The great Anglican divine Richard Hooker is often quoted as the source of the ‘three legged stool’ of Anglican theological reasoning: scripture, reason and tradition. Some have suggested he sees these as equal in authority, but a closer reading shows that isn’t what he meant. He saw scripture as having the ultimate authority for the Church. However, like the disciples, we need to use our reason to interpret and understand them and the tradition of the church means we stand on the shoulders of giants.The work of interpretation of former generations in different cultural settings, illuminates our own reading.

When we mine the Bible for proof texts with which to clobber people, or worse still quote bits of it out of context to make them mean something they clearly don’t, we are not reading the Bible as Jesus did. Similarly, when we read bits that are clearly meant to be poetic or metaphorical as history, we get ourselves into all sorts of a pickle. We have wonderful resources of scholarship at our disposal just a mouse click away.Understanding the context in which the texts were written and how they were first heard can enrich our understanding immeasurably.

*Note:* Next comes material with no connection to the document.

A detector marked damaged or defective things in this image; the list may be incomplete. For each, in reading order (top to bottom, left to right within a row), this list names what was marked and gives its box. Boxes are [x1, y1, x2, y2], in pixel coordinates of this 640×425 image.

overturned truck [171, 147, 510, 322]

But, we shouldn’t despair that the Bible is so complex and impenetrable that we can only understand it properly through the ministry of trained professionals. I hope we are reading the Bible more in our time of lockdown.The illumination of the heart, soul and mind through the scriptures isn’t a sterile intellectual activity.I have been a Christian for over 40 years and I still find, almost daily, things leap from the page at me in ways I haven’t seen before. I have led small groups on Alpha courses many times and I have frequently had the experience of a new Christian sharing an insight from a text after which I needed to go and sit in a darkened room to digest it, such was the profundity.

And sometimes the deepest insights flow from the most difficult questions. There are bits of the Bible we can find downright confusing, distressing and even maddening. But if we stick with it, we will often find a mirror to our own experience. The questions we ask of the text can end up throwing a many questions back at us.I think it was Mark Twain who said, “its not the bits of the Bible I don’t understand that give me problems, it’s the bits I do.”

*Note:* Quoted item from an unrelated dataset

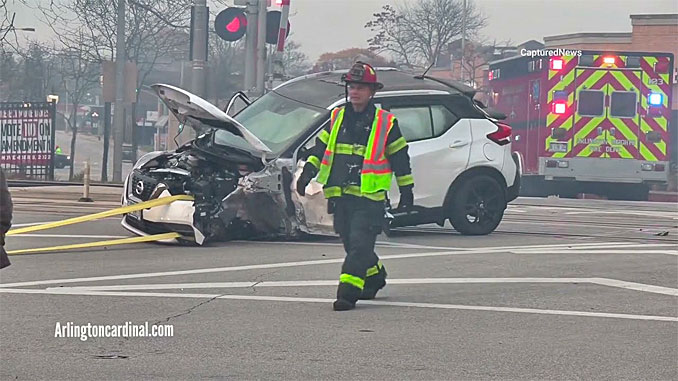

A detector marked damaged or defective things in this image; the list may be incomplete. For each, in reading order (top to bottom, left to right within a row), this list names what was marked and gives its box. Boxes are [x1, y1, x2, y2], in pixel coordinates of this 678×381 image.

damaged white suv [121, 69, 520, 243]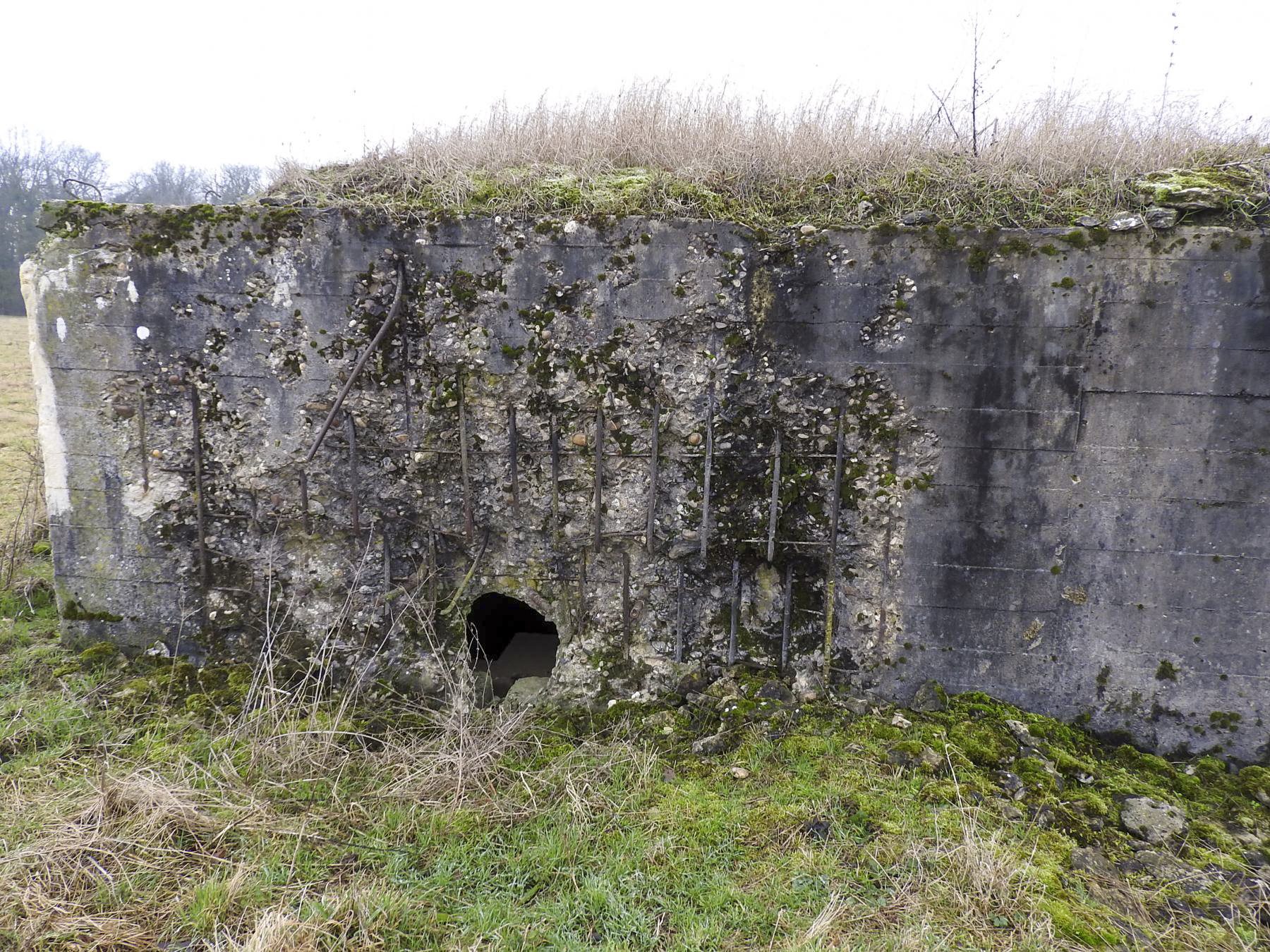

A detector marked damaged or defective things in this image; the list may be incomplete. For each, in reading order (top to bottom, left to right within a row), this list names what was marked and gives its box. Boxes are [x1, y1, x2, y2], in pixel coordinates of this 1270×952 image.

rusty steel rod [305, 261, 404, 462]
damaged concrete wall [20, 205, 1270, 767]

In our lockdown, if you’re unsure where to start. Read a gospel.Mark’s is a great place to start.You may find the lectionary embedded in morning and evening prayer a help as it reads through the whole Bible over a three-year cycle.

I’ll leave the last word to Christophe Chavasse, a former Bishop of Rochester. I hope it might inspire you as it has me.

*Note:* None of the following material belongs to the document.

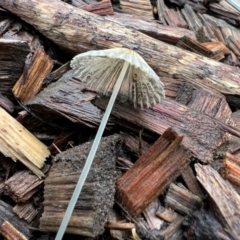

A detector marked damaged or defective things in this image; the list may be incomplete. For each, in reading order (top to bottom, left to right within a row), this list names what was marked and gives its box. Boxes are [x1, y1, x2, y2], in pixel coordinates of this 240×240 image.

“The Bible is the portrait of our Lord Jesus Christ. The Gospels are the figure itself in the portrait.The Old Testament is the background leading up to the divine figure, pointing towards it and absolutely necessary to the composition as a whole.Th Epistles serve as the dress and accoutrements of the figure, explaining and describing it. Then by our Bible reading we study the portrait as a great whole, the miracle happens, the figure comes to life and stepping down from the canvas of the written word, the everlasting Christ of the Emmaus story becomes himself our Bible teacher, to interpret to us in all the scriptures the things concerning himself.”